In fact, the French leader stoked the flames of Haiti’s anti-slavery revolution by re-establishing slavery in the islands of Martinique and Guadeloupe and ordered 30,000 troops to invade the colony of Saint Domingue (the colonial name for Haiti), leading to a genocidal massacre in the final years of a 13-year struggle for freedom and independence. Yet, as viewers of Ridley Scott’s biopic may have noticed, neither Haiti or Saint-Domingue nor the war for Haitian independence (1791–1804) are mentioned in the film.
There were many opportunities to bring Haitian and Caribbean colonial history into the storyline. Scott and his writers decided to ignore the French colonial backgrounds of characters like Joséphine de Beauharnais (Vanessa Kirby), Joséphine’s maid Lucille (Riana Duce) and General Thomas-Alexandre Dumas (Abubakar Salim), the father of novelist Alexandre Dumas. The latter two are the film’s only Afro-descended characters, and only Lucille has a speaking role.

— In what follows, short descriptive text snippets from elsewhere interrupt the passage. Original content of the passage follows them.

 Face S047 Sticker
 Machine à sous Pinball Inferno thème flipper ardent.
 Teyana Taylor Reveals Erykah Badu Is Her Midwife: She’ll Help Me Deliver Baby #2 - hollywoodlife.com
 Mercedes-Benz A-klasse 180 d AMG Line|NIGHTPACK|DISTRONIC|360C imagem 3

Scholars, critics and viewers have been quite vocal about the failings of Scott’s $200 million film. Napoleon is part of a larger body of Napoleonic biographies that either avoids or provides only superficial treatment of the Emperor’s re-establishment of slavery in the French empire and the colonial wars in the Caribbean. For instance, Andrew Roberts’ nearly 1000-page LA Times Book Award-winning biography dedicates six whole pages to the affair, mostly to absolve Napoleon of racism and to discuss sister Pauline’s libertine inclinations.

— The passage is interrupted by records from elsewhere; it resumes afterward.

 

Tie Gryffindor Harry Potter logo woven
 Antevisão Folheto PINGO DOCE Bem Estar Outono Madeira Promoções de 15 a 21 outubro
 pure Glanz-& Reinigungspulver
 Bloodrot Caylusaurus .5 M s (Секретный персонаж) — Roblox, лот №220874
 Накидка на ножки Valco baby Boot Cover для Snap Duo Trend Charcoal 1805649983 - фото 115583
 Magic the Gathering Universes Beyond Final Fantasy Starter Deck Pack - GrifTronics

If you are interested in Napoleon’s Caribbean legacy, do not see Scott’s film. I do not have the space (mental or word count) to enumerate the ways in which the director could have told a more global story of Napoleon’s military career or how the Caribbean theater is an essential episode in the First Consul-turned-Emperor’s reign. Instead, head to Spotify or YouTube and listen to Mélancholie Gang (2023), the debut album of polymathic Haitian artist Jean D’Amérique. The bilingual album (Haitian Creole and French) features titles like “Napoleon-Colonist”; “Fanon Blues,” in homage of Frantz Fanon (the late Martinican theorist of the psychic violence of colonial anti-Blackness); and “Blood in My Mouth” that unsettle histories that many take for granted, including the Napoleonic era and its aftermath in Haiti.

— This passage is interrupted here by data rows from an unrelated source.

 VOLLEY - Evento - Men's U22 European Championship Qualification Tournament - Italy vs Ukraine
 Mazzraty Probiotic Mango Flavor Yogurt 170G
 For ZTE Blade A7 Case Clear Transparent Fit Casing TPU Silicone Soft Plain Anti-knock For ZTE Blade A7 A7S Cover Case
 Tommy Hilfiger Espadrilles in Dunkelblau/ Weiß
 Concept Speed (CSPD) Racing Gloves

“Napoleon-Colonist” provides the album’s most explicit critique of Napoleon Bonaparte. The song builds slowly, starting with a melodic guitar riff and a lurking bass line, before D’Amérique declares: “Colonist […] you’ve always looked to lay waste to my country, today that time is over.” As the song continues, the Haitian rapper explains in his refrain that his revolutionary vision is inspired by real Haitian revolutionaries: Jean-Jacques Dessalines and Sanité Bélair. The rapper is armed with Dessalines’ machete and his anti-colonial dictum: “Cut off their head and burn their houses.” While Dessalines’ legacy is often misunderstood, he led the Haitian army that vanquished the French in the Battle of Vertières on November 18, 1803, winning Haitian independence from France, and served as the nation’s first leader. D’Amérique also channels the rage of Sanité Bélair, one of the many female freedom fighters who fought in the war for Haitian independence, who is the central focus of one of the artist’s award-winning plays. The final verse provides the most damning indictment of France, which robbed independent Haiti of its financial future by forcing the country to pay reparations to colonists to achieve diplomatic recognition in 1825.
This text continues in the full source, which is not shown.